One other health benefit of olive oil is that it may help in the prevention of Cancer. It’s speculated that one of the causes of Cancer is oxidative damage in the body caused by molecules called free radicals. The high level of antioxidants found in extra virgin olive oil has been touted by scientists as a potential remedy for fighting Cancer at a molecular level. However, further testing is still needed to confirm this theory.
Apart from its high levels of active antioxidants and beneficial fatty acids, olive oil is rich in Vitamin E. Making it a versatile skincare product, good enough for a Greek god.
Healthline quotes extra virgin olive oils nutritional content as:
- Saturated fat: 14%
- Monounsaturated fat: 73% (mostly oleic acid)

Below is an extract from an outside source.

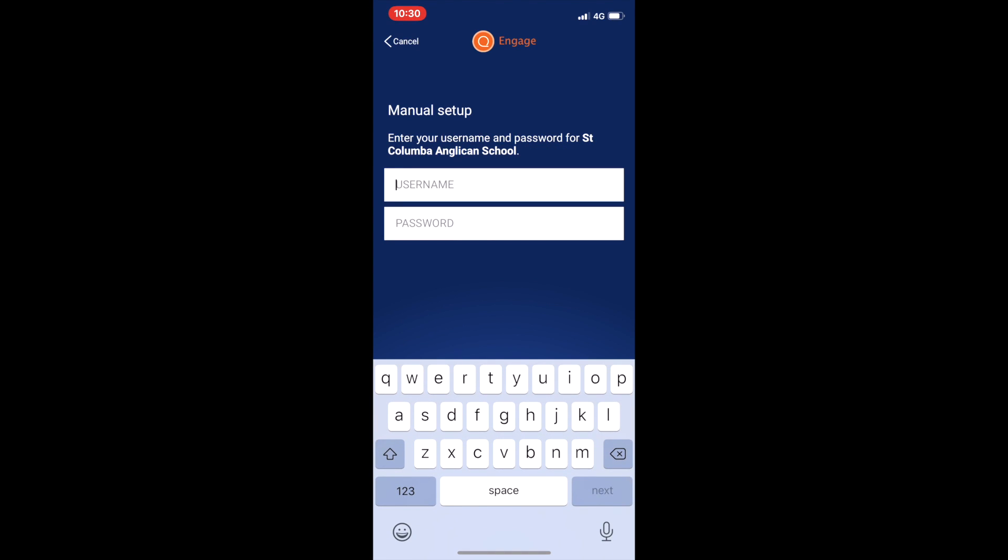It will then ask you to enter your username and password. This can also be found in your welcome email.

- Vitamin E: 13% of the Daily Value (DV)
- Vitamin K: 7% of the DV
Which olive oil should I buy?
The simple answer is the best you can afford! And make sure it’s extra virgin. The less refined the olive oil, the higher the nutritional content, and the more the health components will be left intact. Olive oil without the Extra Virgin label will have gone through an industrialised refining process that will greatly diminish its health properties.

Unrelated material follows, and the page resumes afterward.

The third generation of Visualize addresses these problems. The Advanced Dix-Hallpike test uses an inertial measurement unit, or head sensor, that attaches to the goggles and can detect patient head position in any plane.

One way to help keep Extra virgin olive oil within a manageable shopping budget is to alternate different oils for different uses. Most supermarkets now sell more than good enough quality extra virgin olive oils for general cooking purposes. However, if an oil is more for dressing and drizzling, then you may want to go straight to the producer and order something a bit more special. Online shopping has made it simple to order your oil from all corners of the Mediterranean straight to your door. Why not try different regions until you find a few oils to your taste. Olive oil tasting, like wine tasting, is both an art and a matter of personal taste.
A decent extra virgin should have a peppery afternote to it that can even make you cough a little. Apparently, the cough test is considered a sign of its high quality in olive oil tasting! Buying olive oil online in large tin canisters over bottles may seem expensive at the time, but ultimately you’ll get a lot more liquid gold for your silvers.